Divorcio. La palabra que dejó en vela a A. A. G. más de una noche. "Por un lado era lo que quería hacer, por otro me veía tan anulada que creía que sin él no podría seguir". Montó un negocio con esfuerzo y con el murmullo atronador que él entonaba para desanimarla. "Cuanto más fuerte era yo, él más me pegaba. Asumí que me mataría cualquier día, la muerte era un pensamiento recurrente entonces", afirma. Le preocupaba tener al día su seguro vitalicio y dio una serie de instrucciones a su hijo mayor.

La situación era límite.

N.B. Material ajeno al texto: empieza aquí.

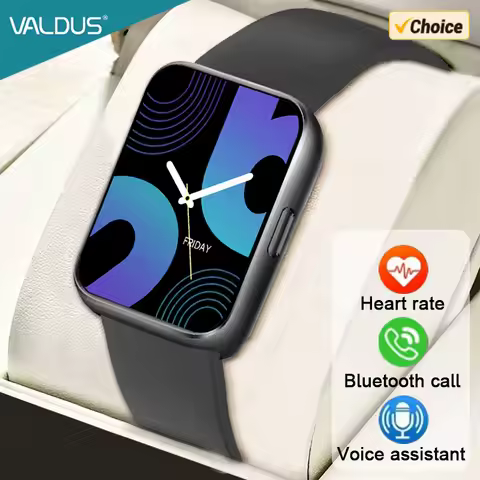 VALDUS 2026 New VS13 Pro Smartwatch For Woman Man Heart Rate Blood Oxygen Steps Sleep Fitness Tracki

Recuerda que un día estaban en el sofá y, en un magazine anunciaron la muerte de una mujer en manos de su marido. Algo despertó la ira de su marido, que la cogió del cuello hasta dejarla sin conocimiento. "Si no quieres ser la próxima que salga ahí, mira bien lo que haces", le espetó.

No solía arrepentirse, sólo pidió perdón una vez. "Me dio una paliza de muchos golpes y se fue. Cuando volvió yo estaba en la bañera, abrió la cortina y se desplomó al ver las marcas que me había dejado". Lloró y dijo que no volvería a hacerlo, pero le dio otra paliza. La última. La del 24 de marzo de 2006: "Dije a los niños que fueran al salón y él empezó a golpearme en la cocina. Los niños lo estaban viendo todo a través de un espejo que teníamos en el recibidor". Fueron ellos los que marcaron el número de la Policía. Al otro lado de la línea, un agente escuchó sus gritos: "Soy ? (empleó un sobrenombre con el que la conocen en su barrio)". Una patrulla se lo llevó de casa y ella presentó denuncia.

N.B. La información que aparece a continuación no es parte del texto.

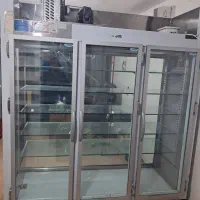 یخچال صنعتی الکترواستیل سه درب|فروشگاه و مغازه|ساری, |دیوار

No había denunciado antes porque pensaba que nadie la creería, que no tendría apoyos. Y no se equivocó mucho. Sólo su familia y sus amigas más íntimas se volcaron. Ella empezó a salir y su físico mejoró mucho, adelgazó en unos meses cerca de sesenta kilos. "Esta lo que quería era dejarlo, mírala que guapa se ha puesto y qué bien lo pasa", criticaban algunos vecinos. También se lo decían a sus hijos.

Consiguió una orden de alejamiento, pero su exmarido siguió libre: "La Guardia Civil, la Policía, los agentes ayudan muchísimo. Pero luego está la ley, que hay que cambiarla, porque no es lo suficientemente dura". Él siguió persiguiéndola, aún con orden de alejamiento. La llamaba y la amenazaba. Un día recorrió más de dos kilómetros detrás del autobús en el que ella viajaba. Dio la voz de alarma con un dispositivo, que coordinaba Cruz Roja, y los policías interceptaron el coche cerca del centro de la ciudad. La llamaron para que fuera a declarar, porque no sólo era una persecución: su expareja llevaba en el coche unas cuerdas, un cuchillo y una pala.

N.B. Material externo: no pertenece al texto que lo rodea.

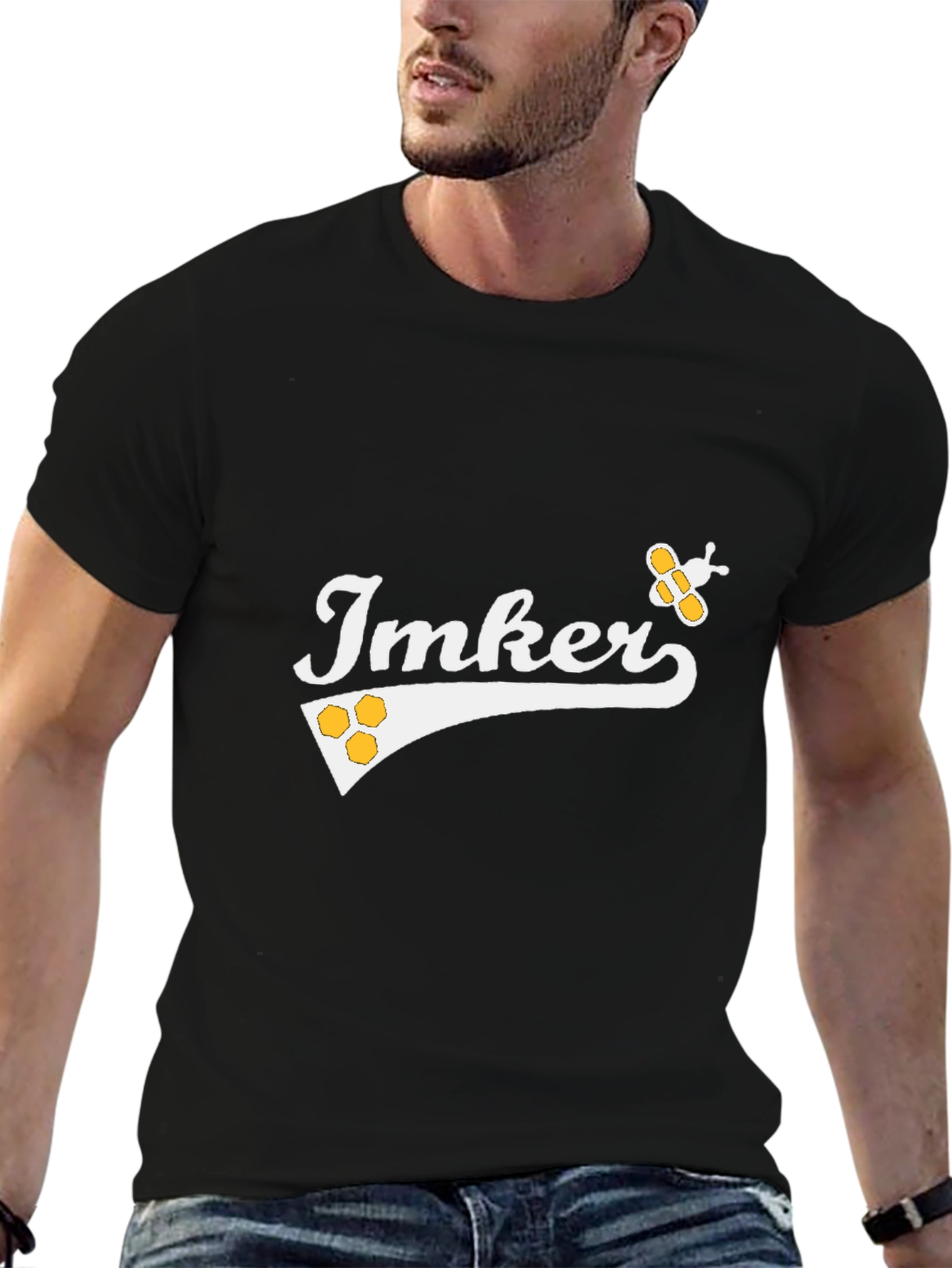 Imker Beekeeper Honey Bee T-Shirt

Como no llegó a hacer nada, siguió libre. A. A. G., en cambio, era cada día era más prisionera. No salía ni a comprar el pan. Decidió poner tierra de por medio y se instaló en Asturias: "Allí dejé todo, mi negocio, mis amigas, mi familia". Su expareja ingresó en prisión tras golpear a otra chica hasta dejarla sin conocimiento y abandonada en plena calle: "Cumplió la pena íntegra, pero yo creo que salió igual y que no está rehabilitado".

La última vez que hablaron, hace más de dos años, ella le recomendó "Te doy mis ojos" (película de Icíar Bollaín que narra la historia de una mujer maltratada). Ese filme, afirma A. A. G., describe el tormento que fue su vida durante diecisiete años.

-Ya la he visto, nos la ponían a veces en la cárcel. La odio- dijo él.

A. A. G. percibió más desdén que arrepentimiento en esas palabras.